By the way I heard that the same situation occurred with the formerly great company's platinum inventory, but that inventory only lost a third of its value in the exact same time period for the same reasons.
This is a cautionary tale for small investors. If you think that someone has worked out a way for the little guy to make a play in a rare thinly traded minor metal such as rhodium please keep in mind that there is a credible story that a Fortune 500 end user of rhodium crashed and burned. This by convincing itself that trading one commodity is just like trading another so that any member of the finance staff is up to the job managed to lose as much as a billion dollars of the shareholder's money because he and his management were way over their heads. An analogous situation actually is well known to have occurred in 2001-2 when panicked and inexperienced buyers at Ford and Toyota convinced by sophisticated advisors from a New York-based financial institution that palladium was going to go to $3,000 an ounce entered into take-or-pay agreements for several years forward that obligated them to pay $500-700 an ounce for palladium that never again went over $300 an ounce during the lives of their agreements. Those deals cost Ford and Toyota each over $1 billion in write downs.

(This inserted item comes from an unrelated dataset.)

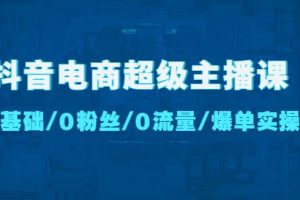 抖音電商超級主播課：0基礎、0粉絲、0流量、爆單實操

Do I believe that the events I described above as occurring at a formerly great cooperation actually happened? Ockham's razor is the principle that if you have to choose between two explanations always choose the simpler one. I believe that:
- It is entirely likely that a single seller of a large amount of rhodium set off the great decline in the rhodium market of the summer of 2008; and since it is not possible to produce rhodium without producing platinum
- The same seller also was disposing of excess platinum he had agreed to take so that the original producer/seller's inventories would remain matched.
Do not at this point in time invest, please, in either rhodium or platinum, until this all shakes out.
If one of the OEM American automobile manufacturers, by the way, should go bankrupt and cease production then that company's inventory and lack of future need for PGMs could knock the bottom out of the market immediately. Be very careful from now on, because some of New York's finest financial-advisors are telling their clients that the American OEM automotive industry is more than likely to go bankrupt before 2012.